> _Work order_
Where the data below begins, start duplicating lines exactly, and finish with the line containing "Lumina Round Rose Chandelier (Max. x6)"; add nothing else. Leave the pictures out.

======== Listed records

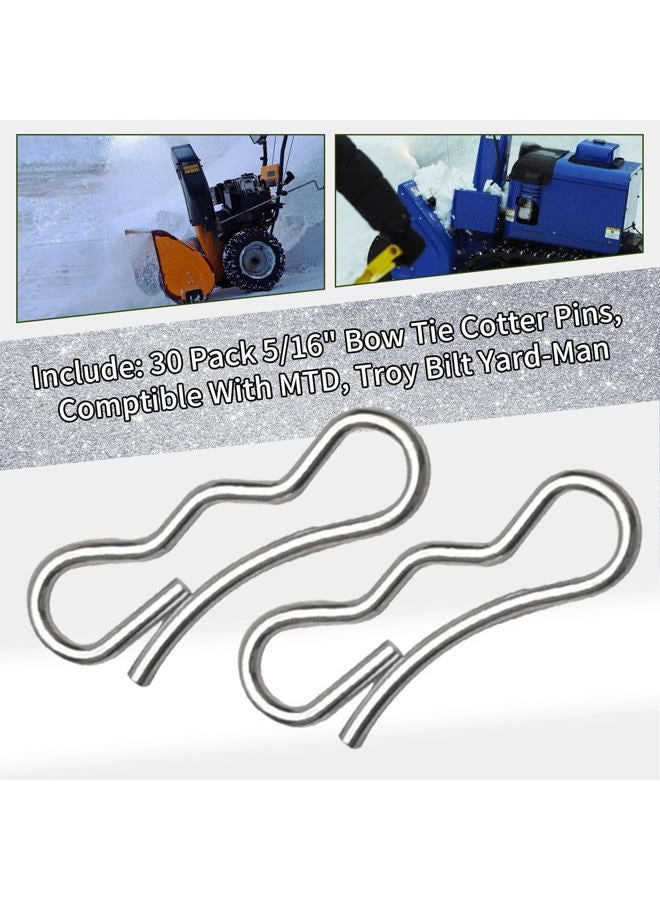DECKMAN 30 Pack 5/16" Universal 714-04040 Bow Tie Cotter Pins Comptible with MTD/Troy-Bilt and More Brands Lawn Mowers and Snow Blowers, Used to Secure A Shear Bolt in Position - for 194208 532194208 - Image 3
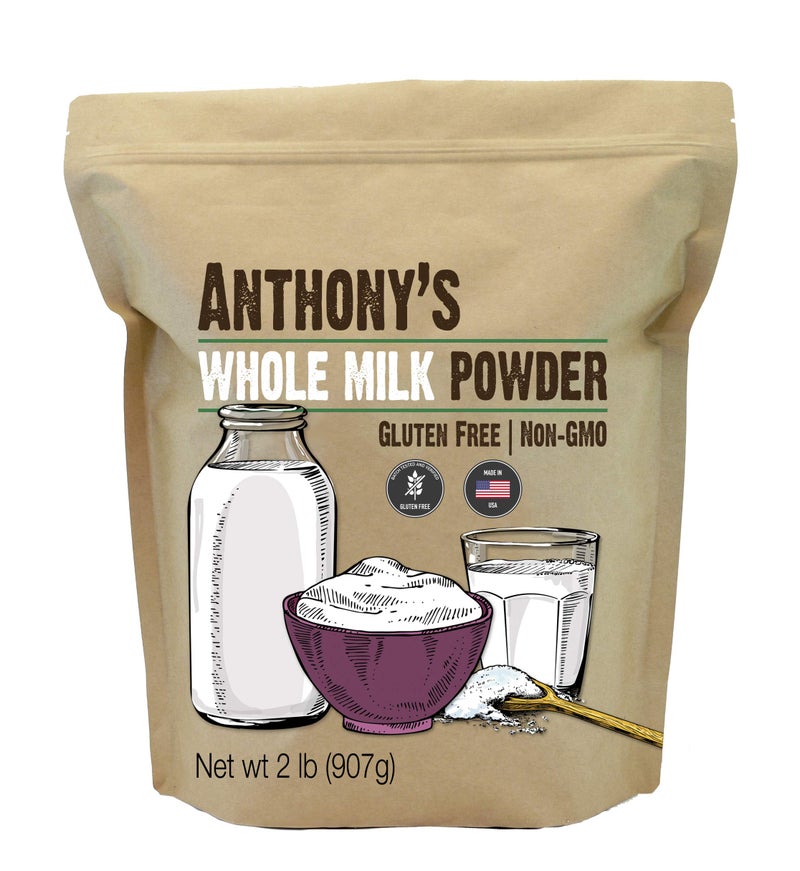Anthony's Whole Milk Powder, 2 lb, Gluten Free, Non GMO, Made in USA - Image 1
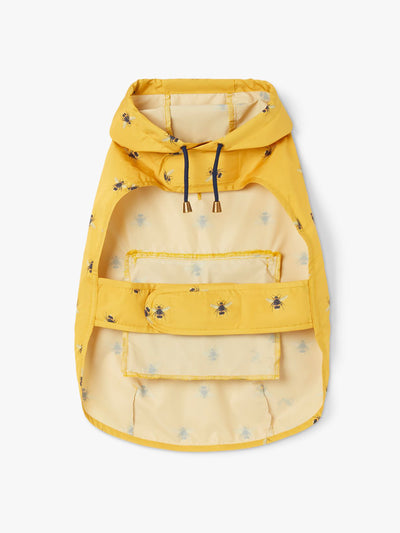 Joules Go Lightly printed water resistant packaway dog jacket at Collagerie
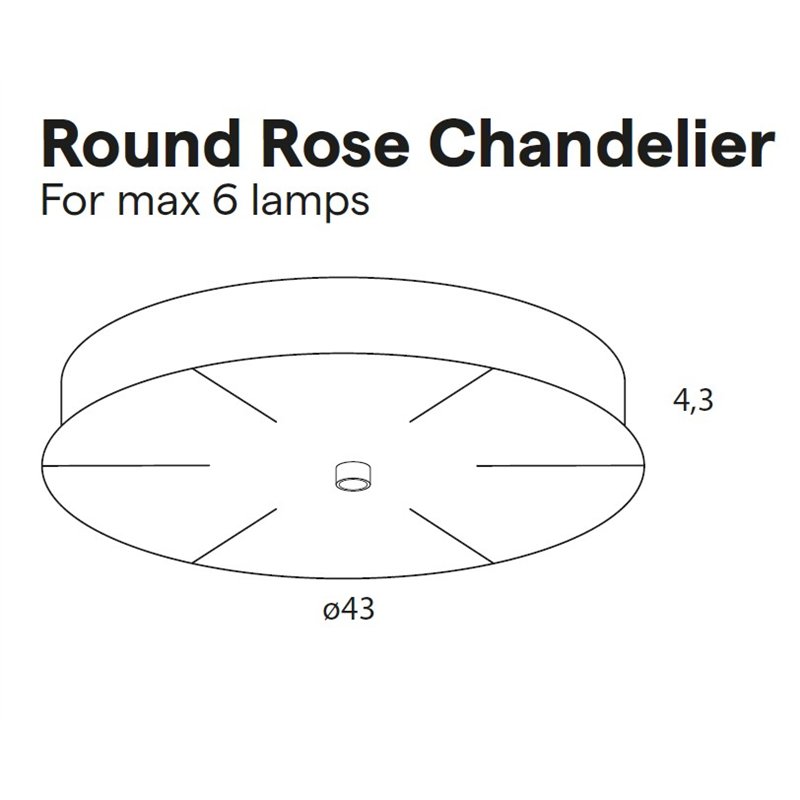 Lumina Round Rose Chandelier (Max. x6)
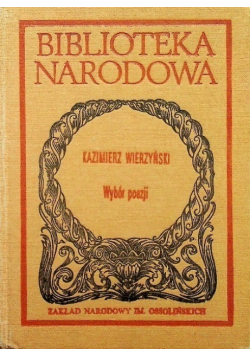 Wierzyński Wybór poezji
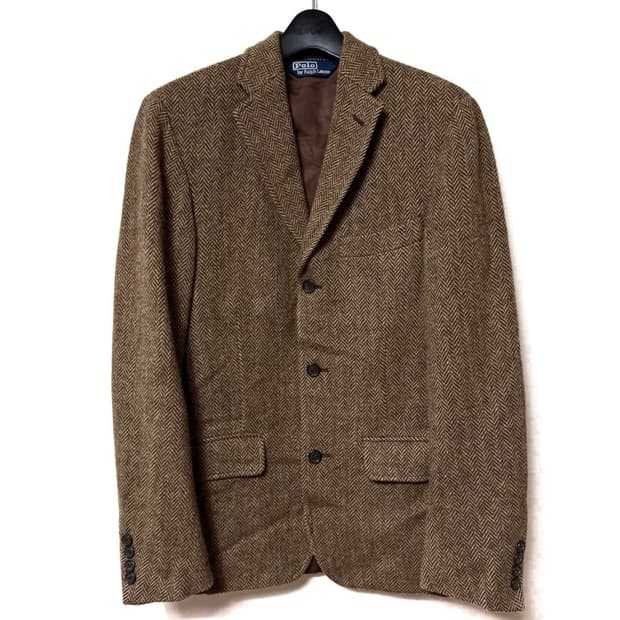 폴로 랄프로렌 울 블레이저 자켓 s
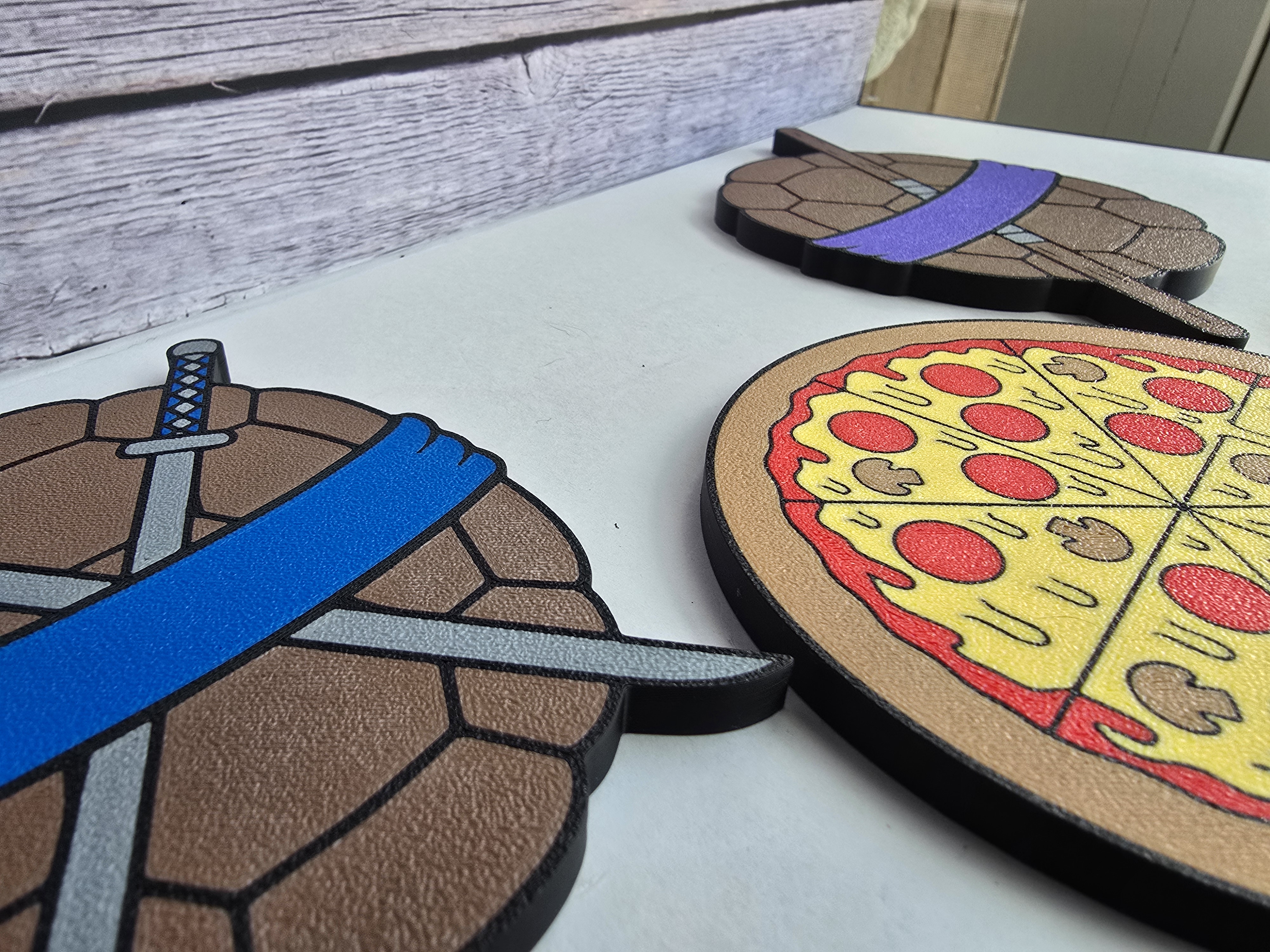 Miniatura 4 do modelo 3D Ninja Turtle Shell Coasters + Magnets
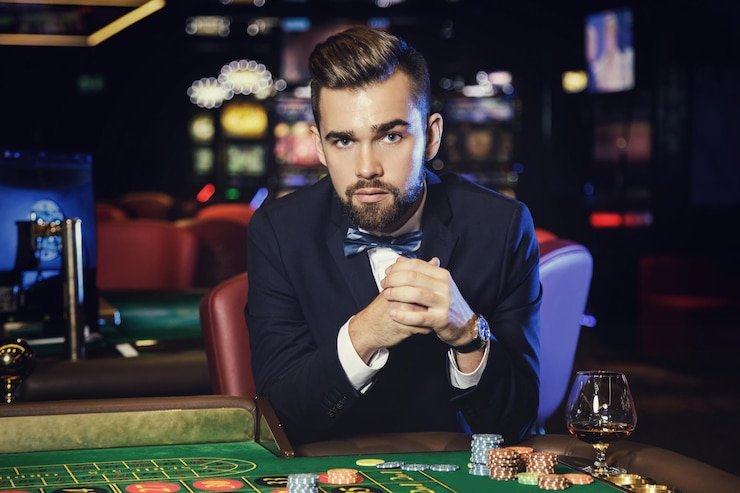 Ilustrasi pengguna ubud4d bermain kegiatan sports dan casino online dengan perangkat mobile di jaringan variatif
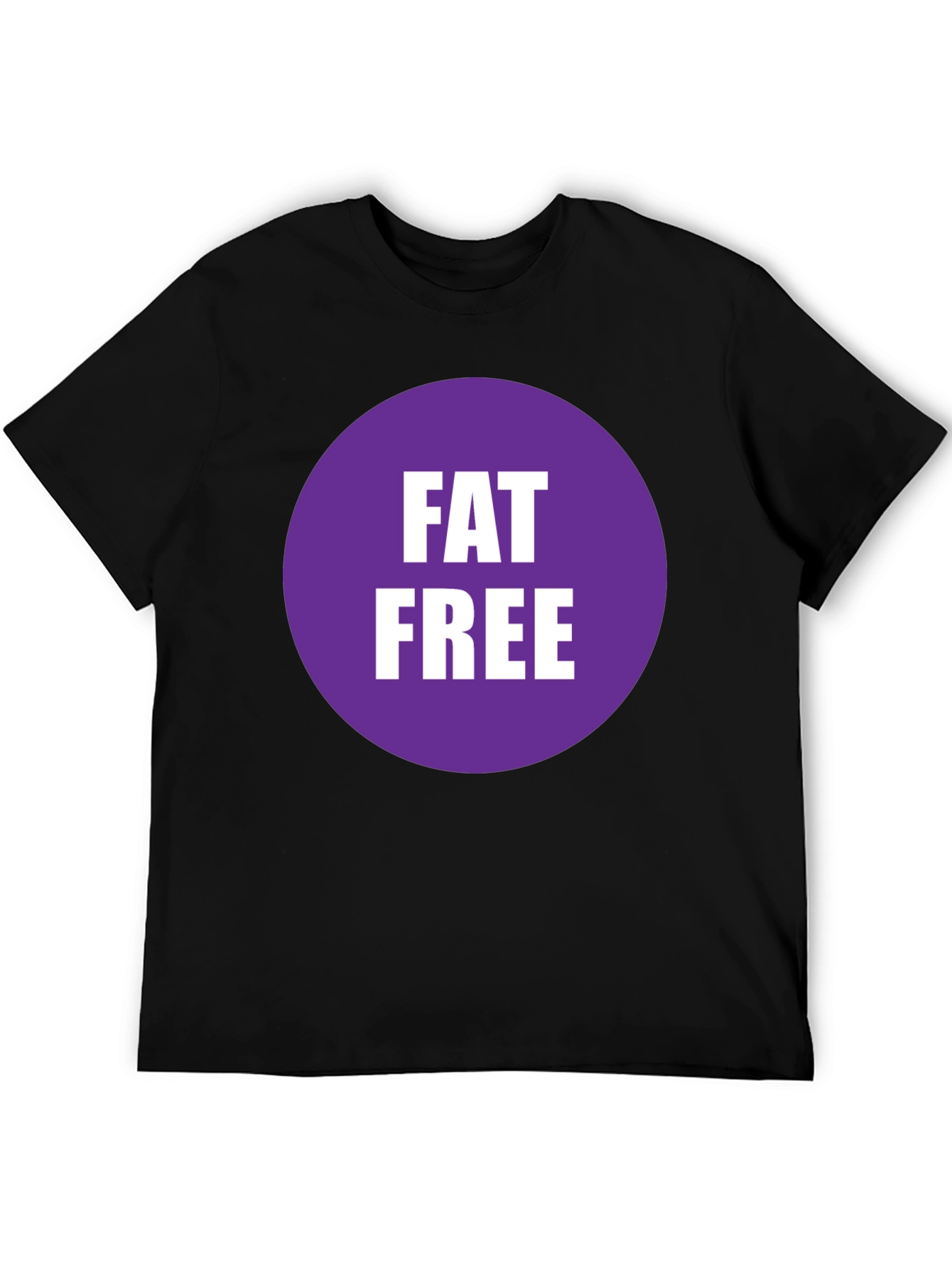 Fat Free T-Shirt - Black Crew Neck Tee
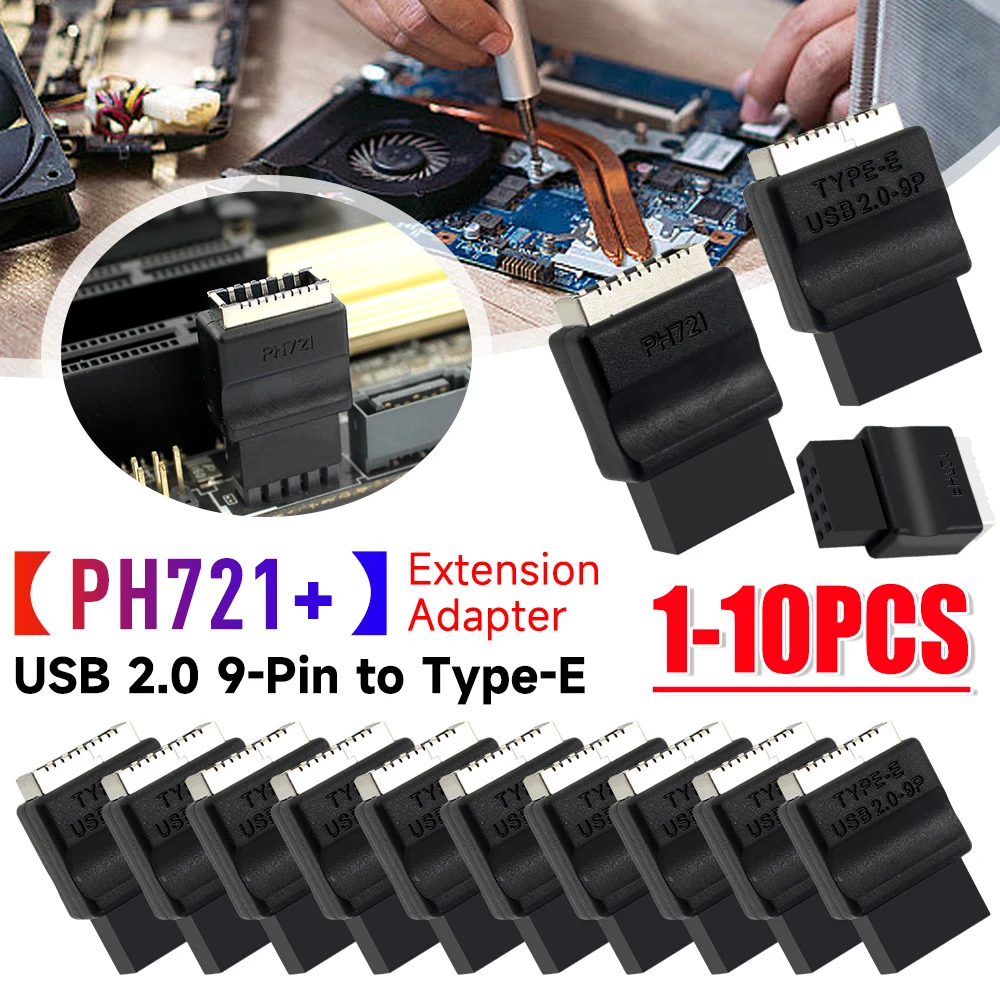 �y�Z�[�����z1-10 �}�U�[�{�[�h USB 2.0 9 �s�� Type-E �t�����g�p�l���w�b�_�[�����A�_�v�^ USB2.0 9 �s���I�X Type-E ���X�A�_�v�^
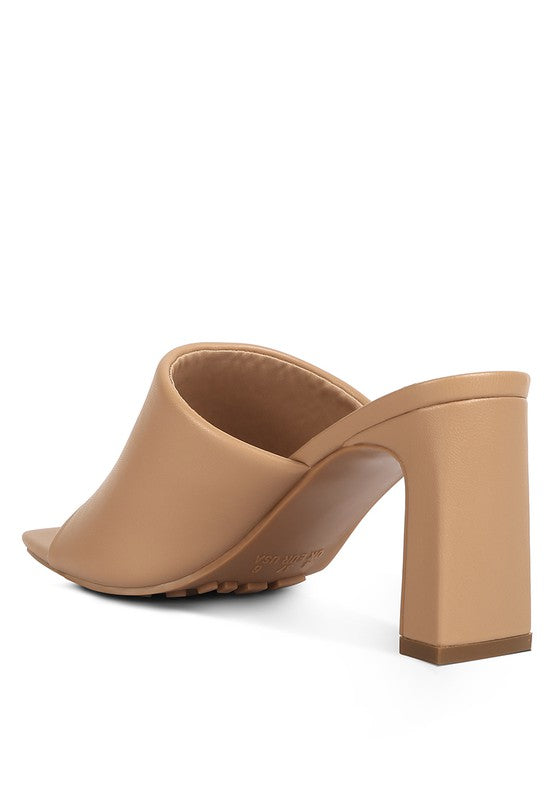 Cannes Slim Block Heel Sandals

================

> _Answer area_
DECKMAN 30 Pack 5/16" Universal 714-04040 Bow Tie Cotter Pins Comptible with MTD/Troy-Bilt and More Brands Lawn Mowers and Snow Blowers, Used to Secure A Shear Bolt in Position - for 194208 532194208 - Image 3
Anthony's Whole Milk Powder, 2 lb, Gluten Free, Non GMO, Made in USA - Image 1
 Joules Go Lightly printed water resistant packaway dog jacket at Collagerie
 Lumina Round Rose Chandelier (Max. x6)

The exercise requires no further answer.